Kelloff Gary J, Sigman Caroline C
National Institutes of Health, National Cancer Institute, Division of Cancer Treatment and Diagnosis, Executive Plaza North Room 6058, 6130 Executive Boulevard, Rockville, Maryland 20852, USA.
Nat Rev Cancer. 2007 Jul;7(7):508-18. doi: 10.1038/nrc2154.
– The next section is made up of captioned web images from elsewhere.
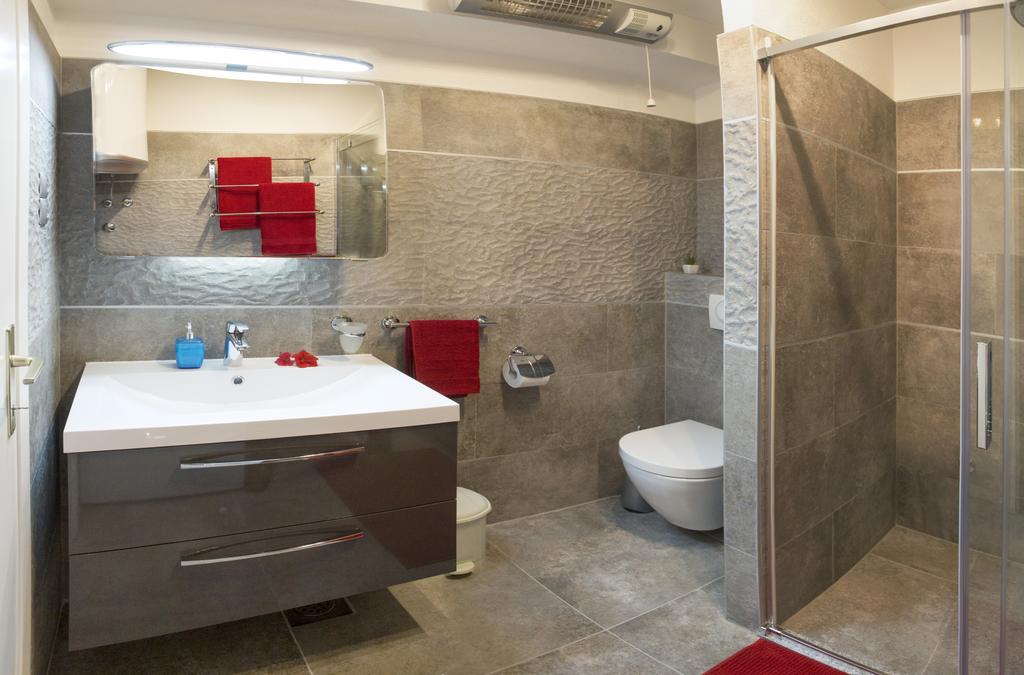 City Center Apartment Kadena Split Exteriér fotografie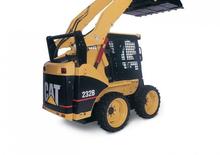 Csúszókormányzású rakodók Caterpillar 232B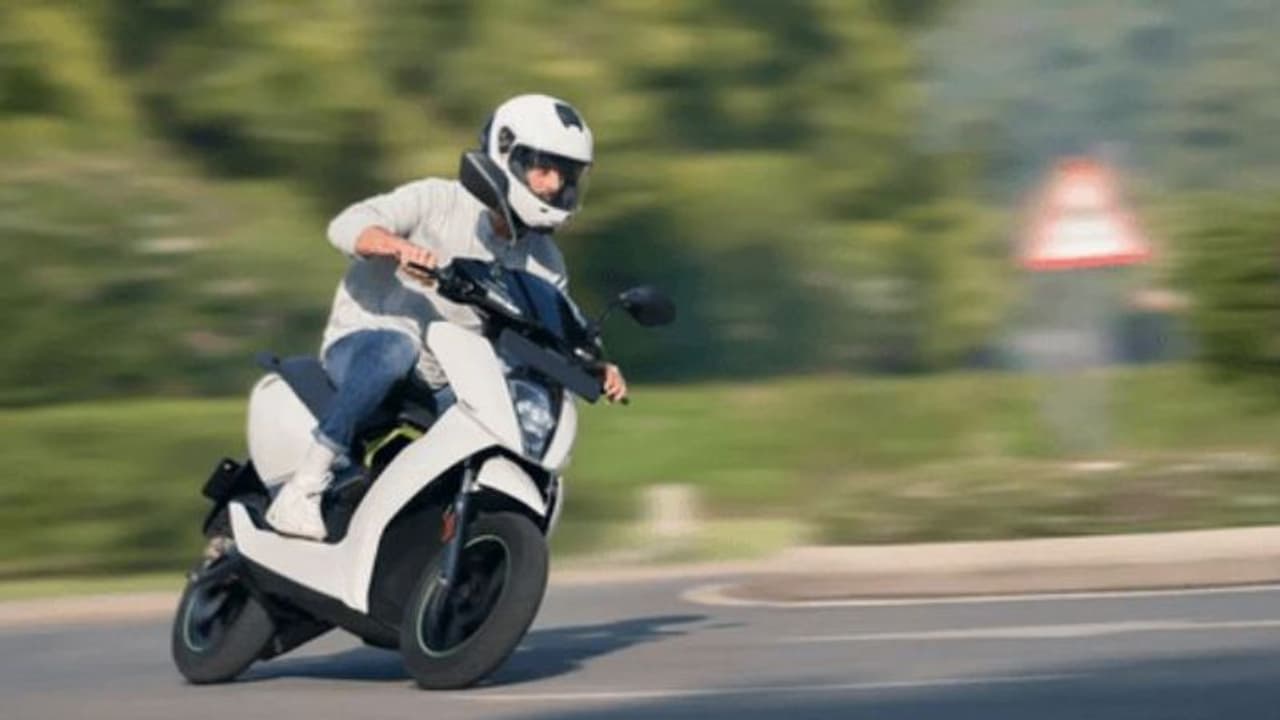 ഈ കിടിലൻ സ്‍കൂട്ടറിന്‍റെ ബുക്കിംഗ് തുടങ്ങി ഏതർ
Despite significant interest from the research community and the population in general, drug approvals for cancer prevention and/or cancer risk reduction are few. This is due, in part, to the requirement that new cancer-preventive drugs must first be shown to be efficacious in reducing cancer incidence or mortality. Moreover, such drugs need to have proven safety for long-term administration. This process can be improved by focusing on precancer (intraepithelial neoplasia) to identify subjects at risk and prove efficacy in shorter, smaller trials as well as on detecting early markers of potential toxicities of chronic exposure to cancer-preventive drug regimens.
尽管研究界和普通民众对此兴趣浓厚,但用于癌症预防和/或降低癌症风险的药物获批情况却很少。部分原因在于,新的癌症预防药物必须首先证明在降低癌症发病率或死亡率方面有效。此外,此类药物需要证明长期服用的安全性。通过关注癌前病变(上皮内瘤变)以识别高危人群,并在规模较小的短期试验中证明疗效,以及检测长期接触癌症预防药物方案潜在毒性的早期标志物,可以改进这一过程。